I took the weekend off! I spent quality time with my girlfriends - without kids or husbands! We ate, drank, talked and laughed like I hadn’t done in a long time!! With the crazy pace of life these days, of kids, the school run, after school activities, cooking, household jobs and work is exhausting. We take on so much and never realise just how under the pump we are until we stop - or are forced to when you get sick. When was the last time you took time for yourself?
Throughout life we take on different roles, and at certain times some need to take centre stage. At the moment for me it is still Mummy Mode. Best Friend and Career Caroline has been on the back burner, but not on this weekend.
Living life in balance, is important to our overall health and wellbeing. This includes our emotional health and having support. Knowing there is someone there to listen without judgement, and sometimes without a response is essential. Just voicing your thoughts can help to organise them. Speaking about your worries and fears somehow makes them less of a big monster. Advice isn't always needed, but having a trusted point of view can be invaluable.
A study from Brigham Young University in the US found that strong ‘real world’ relationships can help you live longer. Supportive friendships help you cope with stress, reducing physical and emotional effects. Professor Julianne Holt-Lunstad from the study stated “When someone is connected to a group and feels responsibility for other people, that sense of purpose and meaning translates to taking better care of themselves and taking fewer risks,” So taking the time to connect with ‘real’ people is worthwhile and beneficial for your health. (1)
I'm lucky I have a gorgeous group of girl friends who have seen me through the fun times and the hard times, without judgment and with lots of love. We may not always see each other (especially as we live all over the country!) but that doesn't mean we don't care for one another. This is the benefit of friendship and support.
Traditionally we lived in tight knit communities with family around the corner. These days we don't often have that luxury especially with work commitments taking people all over the world. Friends become our family and support system. Having and extended community is so important in developing a sense of belonging. A nurturing community of friends can also give you the courage to take big steps in life.
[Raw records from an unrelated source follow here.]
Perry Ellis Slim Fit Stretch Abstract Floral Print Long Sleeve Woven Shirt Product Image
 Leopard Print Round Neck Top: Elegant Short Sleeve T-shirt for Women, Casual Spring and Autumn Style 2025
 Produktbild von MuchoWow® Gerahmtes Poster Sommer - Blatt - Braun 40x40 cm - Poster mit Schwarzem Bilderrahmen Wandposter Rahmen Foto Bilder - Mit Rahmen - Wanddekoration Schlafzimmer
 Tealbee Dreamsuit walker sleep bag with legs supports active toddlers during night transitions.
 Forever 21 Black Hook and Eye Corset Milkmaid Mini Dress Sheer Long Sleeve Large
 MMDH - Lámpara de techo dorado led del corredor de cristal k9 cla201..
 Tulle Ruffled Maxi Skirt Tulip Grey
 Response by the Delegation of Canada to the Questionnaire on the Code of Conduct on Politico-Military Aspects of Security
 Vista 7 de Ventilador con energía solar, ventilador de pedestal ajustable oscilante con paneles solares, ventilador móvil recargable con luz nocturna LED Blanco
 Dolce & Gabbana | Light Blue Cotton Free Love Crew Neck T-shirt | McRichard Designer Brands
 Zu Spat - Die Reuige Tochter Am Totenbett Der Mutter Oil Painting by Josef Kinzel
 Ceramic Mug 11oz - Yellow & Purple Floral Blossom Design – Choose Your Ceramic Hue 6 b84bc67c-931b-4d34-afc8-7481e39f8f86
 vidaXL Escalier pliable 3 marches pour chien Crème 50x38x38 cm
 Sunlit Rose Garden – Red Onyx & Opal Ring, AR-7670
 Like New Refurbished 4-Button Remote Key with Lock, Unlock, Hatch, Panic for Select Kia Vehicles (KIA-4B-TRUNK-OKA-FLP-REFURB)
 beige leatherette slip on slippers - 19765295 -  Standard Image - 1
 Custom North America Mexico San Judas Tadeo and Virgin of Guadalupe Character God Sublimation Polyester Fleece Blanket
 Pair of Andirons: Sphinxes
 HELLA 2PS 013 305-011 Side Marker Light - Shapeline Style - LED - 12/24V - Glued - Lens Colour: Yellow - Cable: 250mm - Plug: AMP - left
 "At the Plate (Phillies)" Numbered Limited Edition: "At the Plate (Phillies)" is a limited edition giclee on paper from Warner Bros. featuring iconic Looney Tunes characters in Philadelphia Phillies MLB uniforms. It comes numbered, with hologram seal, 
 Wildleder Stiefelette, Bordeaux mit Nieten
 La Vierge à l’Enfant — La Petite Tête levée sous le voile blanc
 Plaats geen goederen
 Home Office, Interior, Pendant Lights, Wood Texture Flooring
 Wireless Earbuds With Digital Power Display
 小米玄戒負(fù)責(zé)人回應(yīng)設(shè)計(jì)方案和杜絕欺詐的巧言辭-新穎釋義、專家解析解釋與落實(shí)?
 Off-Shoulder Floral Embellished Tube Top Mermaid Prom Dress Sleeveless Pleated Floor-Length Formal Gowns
So what can you do if you to nurture your friendships?
- Make an appointment or a club with your friends to catch up - you get so much more than just story recommendations going to a book club (or wine club) when you meet up every month.
- Go to and exercise class together. It's a great way to encourage each other and health benefits too.
- Get involved in mothers groups when your babies are little. Just hearing similar stories from other parents is a great way to feel you are not alone.
- Make a monthly time for a Skype catch up when the kids are asleep - very handy if you live all over the country.
- Write a letter - the personalised touch of having something in writing is a great way to make a connection with your friend.
- Call for no reason other than to say ‘hi’ and to let the other person know that you are thinking of them. It doesn't take more than a minute but can help make someone's day. Too often we think of our friends, but never let them know.
So, cherish your extended family - I do.